The USS Gerald Ford -- the almost $13 billion super carrier that has been beset with delays and cost overruns, making it the most expensive ship ever to float on water -- is scheduled to start sea trials this week and could be commissioned later this spring.
Related: The US Navy’s $13 Billion Answer to China and Russia
But while the Ford begins to ply the oceans, the Marines are looking to their smaller amphibious assaults ships as launch pads for as many as 20 F-35B Lightning IIs each.
The F-35B is the Marines’ version of the fifth-generation Joint Strike Fighter that will be the mainstay of U.S. air power in the future.

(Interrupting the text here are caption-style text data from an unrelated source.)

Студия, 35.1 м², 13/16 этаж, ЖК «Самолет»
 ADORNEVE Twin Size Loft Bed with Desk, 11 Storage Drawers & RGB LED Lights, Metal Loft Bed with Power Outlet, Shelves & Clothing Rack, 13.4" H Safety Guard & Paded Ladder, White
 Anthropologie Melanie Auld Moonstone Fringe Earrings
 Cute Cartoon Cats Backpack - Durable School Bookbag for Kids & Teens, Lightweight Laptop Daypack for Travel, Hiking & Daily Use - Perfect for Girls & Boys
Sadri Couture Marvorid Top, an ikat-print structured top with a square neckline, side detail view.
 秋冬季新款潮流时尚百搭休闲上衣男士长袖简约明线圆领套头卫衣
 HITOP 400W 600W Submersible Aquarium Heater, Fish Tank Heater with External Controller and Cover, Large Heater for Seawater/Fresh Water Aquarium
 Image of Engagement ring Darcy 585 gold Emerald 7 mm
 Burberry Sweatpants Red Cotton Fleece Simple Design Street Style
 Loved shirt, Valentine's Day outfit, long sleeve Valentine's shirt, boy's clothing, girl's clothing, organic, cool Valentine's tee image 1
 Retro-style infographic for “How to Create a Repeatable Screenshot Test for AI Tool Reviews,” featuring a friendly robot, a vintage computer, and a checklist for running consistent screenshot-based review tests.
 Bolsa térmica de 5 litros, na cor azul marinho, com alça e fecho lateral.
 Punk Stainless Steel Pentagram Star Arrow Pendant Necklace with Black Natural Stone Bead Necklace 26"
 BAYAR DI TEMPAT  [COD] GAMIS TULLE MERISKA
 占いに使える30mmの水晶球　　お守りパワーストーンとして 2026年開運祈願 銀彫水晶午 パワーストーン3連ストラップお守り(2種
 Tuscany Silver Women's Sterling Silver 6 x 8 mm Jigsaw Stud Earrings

The $122 million jets are designed for short takeoff and vertical landing, which makes them operational from amphibious assaults ships – referred to as “Lightning carriers” in this scenario.
The 2017 Marine Corps Aviation Plan says that by 2025, the service will have 185 F-35Bs that could populate its fleet of amphibious assault ships. “While the amphibious assault ship will never replace the aircraft carrier,” the outline of where Marine aviation is headed said, “it can be complementary if employed in imaginative ways.”
Related: The Art of an F-35 Deal: Did Trump Engineer a Lockheed-Boeing Pact?
The plan, released late last month, goes on to say, “A Lightning Carrier, taking full advantage of the amphibious assault ship as a sea base, can provide the naval and joint force with significant access, collection and strike capabilities.”
A story on the website of the U.S. Naval Institute said that “the Lightning Carrier concept includes an amphibious assault ship carrying 16 to 20 F-35Bs with four MV-22 Ospreys to refuel them.” Such ships could operate independently as a component of an expeditionary force or could be “part of a Carrier Strike Group [that would include] a Navy aircraft carrier and guided-missile cruisers and destroyers.”
While amphibious ships may never have to be deployed as Lightning carriers, the Marine Corps plan says that to not develop “this capability” would be to ignore a “force multiplier.”
Among the benefits of such a scenario, Lightning carriers would be smaller targets for the “carrier killer” missiles being developed by China and Russia.
Another benefit is cost. While the new America-class amphibious assault ships aren’t cheap at $3.4 billion each, they cost a lot less than a full-size flattop. And they don’t skimp on firepower. Maj. John Dirk, an F-35 test pilot, said that the Lightning carrier produces "the most powerful concentration of combat power ever put to sea in the history of the world."